Wednesday, June 27, 2012

Having Fun Getting Dusty



One of the very first two followers on this blog was the flame-haired beauty Shari, of Earth Mother Just Means I'm Dusty. Dusty and I have become comfortable enough at each other's blogs that they feel like our own. I don't remember how we met in the blogosphere, but we have never wandered far from each other.

We've been roommates at BlogHer and have spent time together at humor writers' conferences.

After knowing each other for over two years, we have become a permanent online and offline presence in each other's lives.

It's a thrill to be guesting for Dusty today while she is away in Florida teaching acting to people ages six to eighteen, because she is genuinely talented in that department: quick as a whip and never missing a chance at a good come back.

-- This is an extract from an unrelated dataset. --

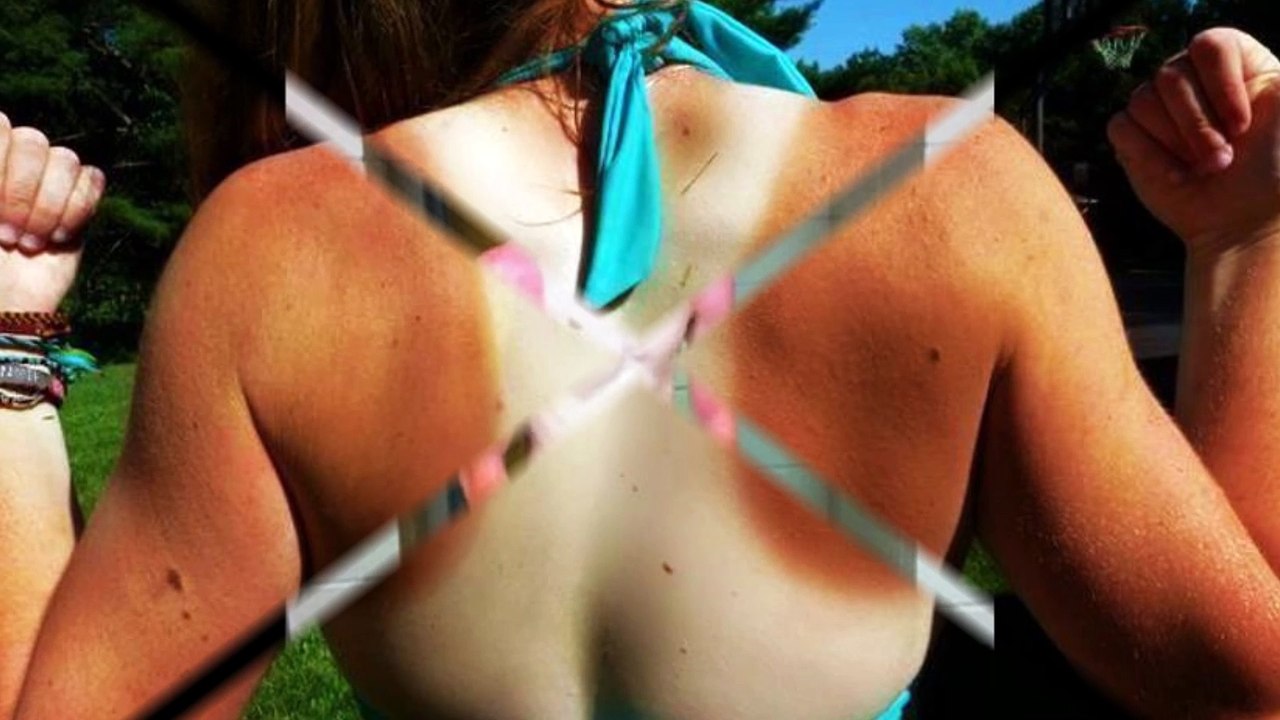 Top 10 des pires marques de bronzage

I'm sharing a story at Earth Mother Just Means I'm Dusty, about what happens when you agree to anything just to get your child *coughBabyE* to finish a task already.

Walk a mile in my shoes, you may have a better understanding of  how I got to be the way I am.

*Thank you.

Tuesday, June 26, 2012

Bite Me on FnS



It's Bite Me Theme Time at FunnynotSlutty: the internet's premiere website for bringing some of the funniest women on the internet all together in one place.

This month, FunnynotSlutty is celebrating "Bite Me: Funny Food and Cooking Stories."

I've got a good one over there. On what happens when you're raised by a fancy lady who really finds time behind the stove less than thrilling.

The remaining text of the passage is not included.